▶ **REQUIREMENT**
With the pictures left out, reproduce exactly the lines from the one containing "Camiseta Boneca das" through the final line of the entries.

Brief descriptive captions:
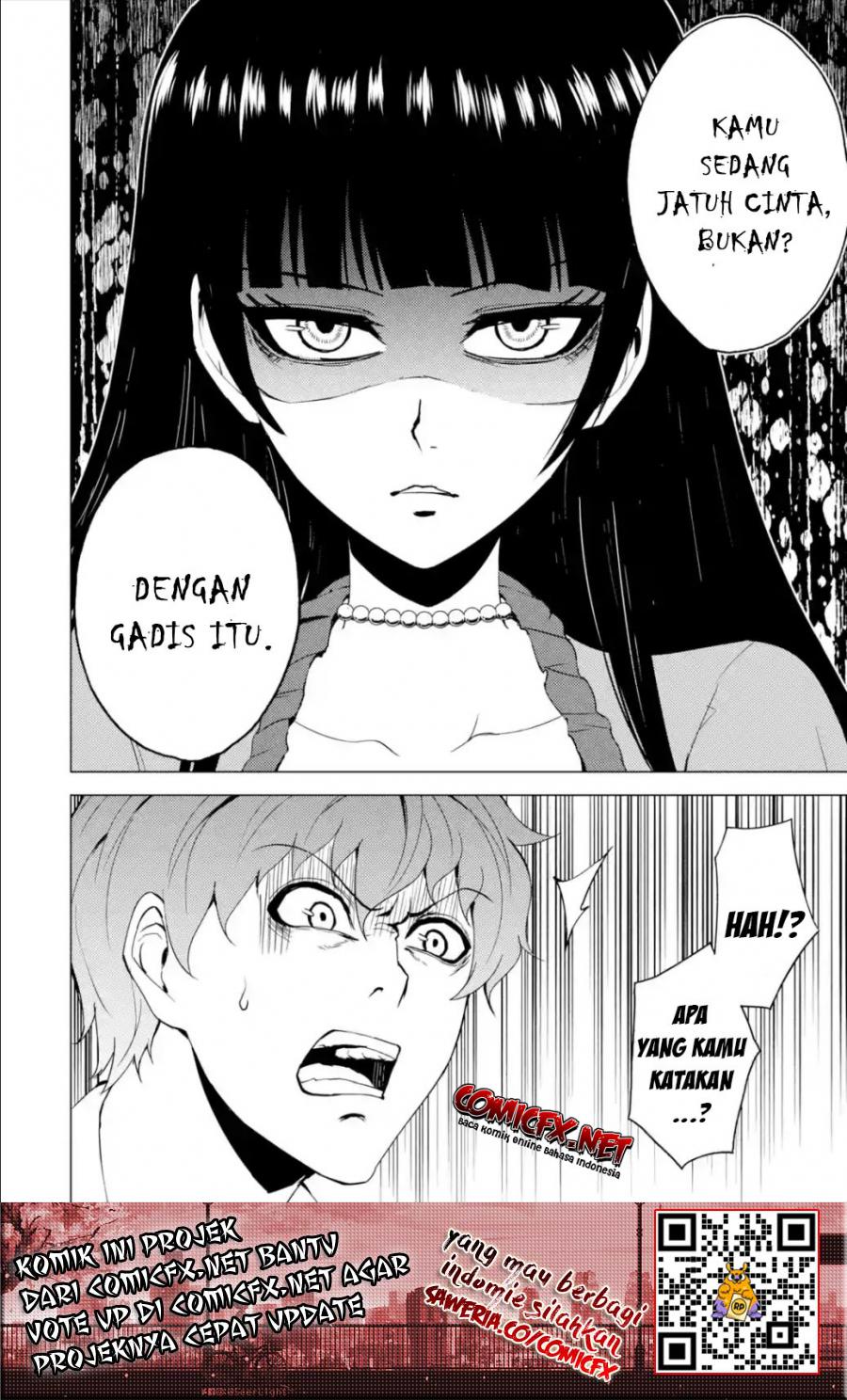 Ore no Genjitsu wa Renai Game?? ka to Omottara Inochigake no Game datta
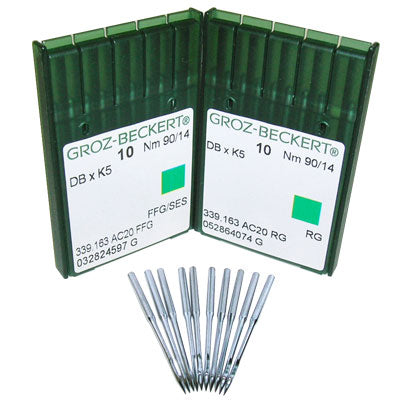 90/14 Sharp Point - GrozBeckert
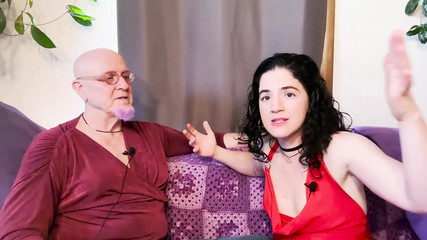 A Slut's Guide To Happiness Podcast - Episode 12: Couples Transitioning From Monogamy To Polyamory - With Adrian Martin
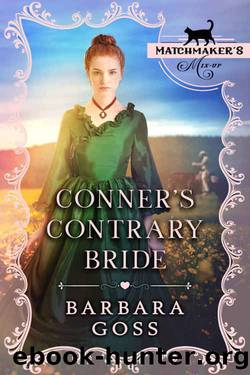 Conner's Contrary Bride by Barbara Goss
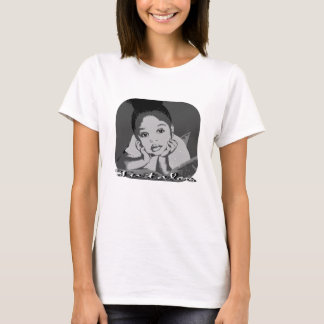 Camiseta Boneca das senhoras de Tutaloo-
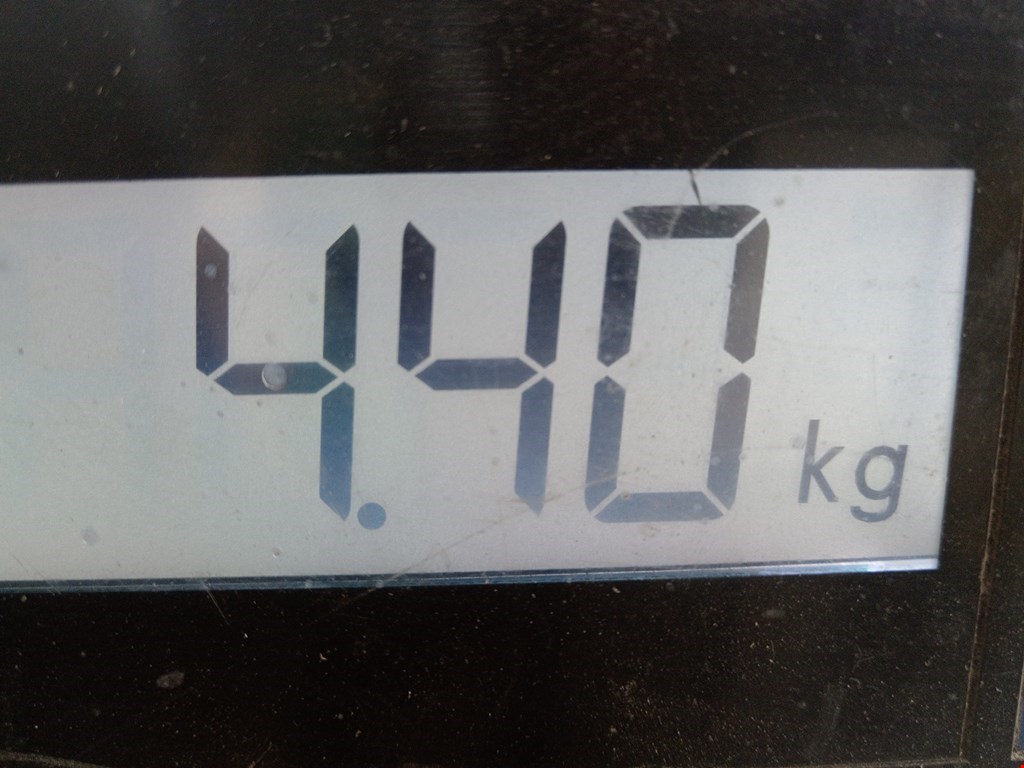 Бампер задний LAND ROVER Range Rover 2012-2022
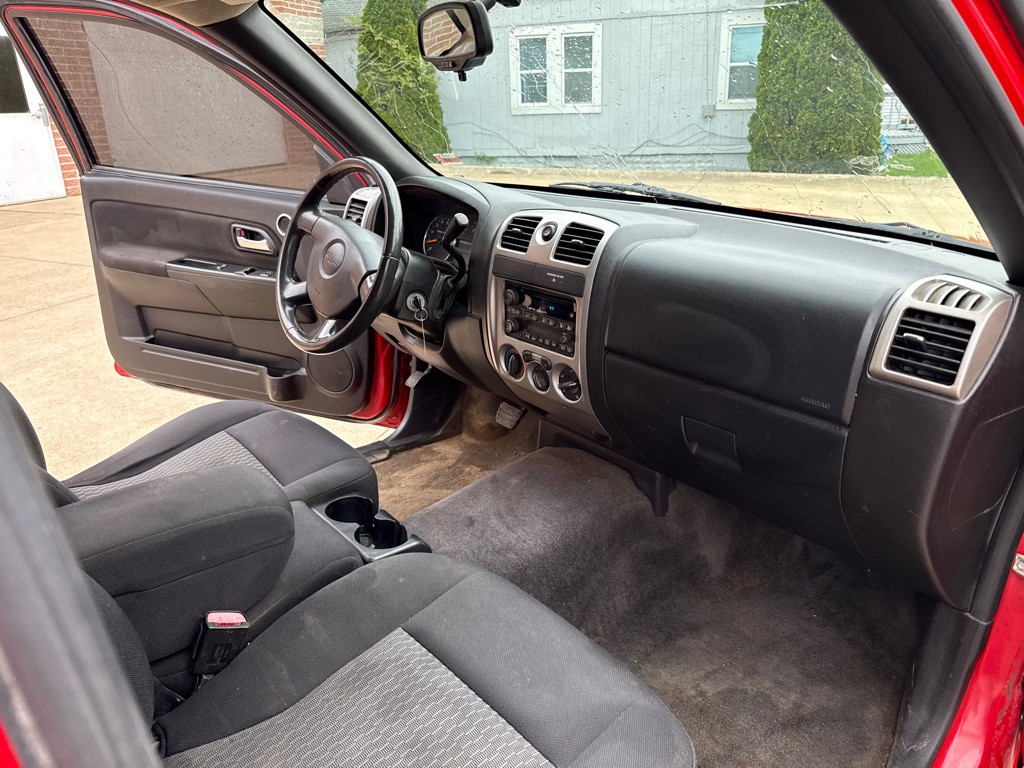 2008 Chevrolet Colorado Image 12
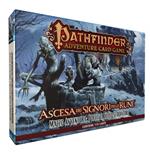 Pathfinder Adventure Card Game. I Delitti Dello Scuoiatore. Gioco da tavolo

▶ **YOUR RESPONSE**
 Camiseta Boneca das senhoras de Tutaloo-
 Бампер задний LAND ROVER Range Rover 2012-2022
 2008 Chevrolet Colorado Image 12
 Pathfinder Adventure Card Game. I Delitti Dello Scuoiatore. Gioco da tavolo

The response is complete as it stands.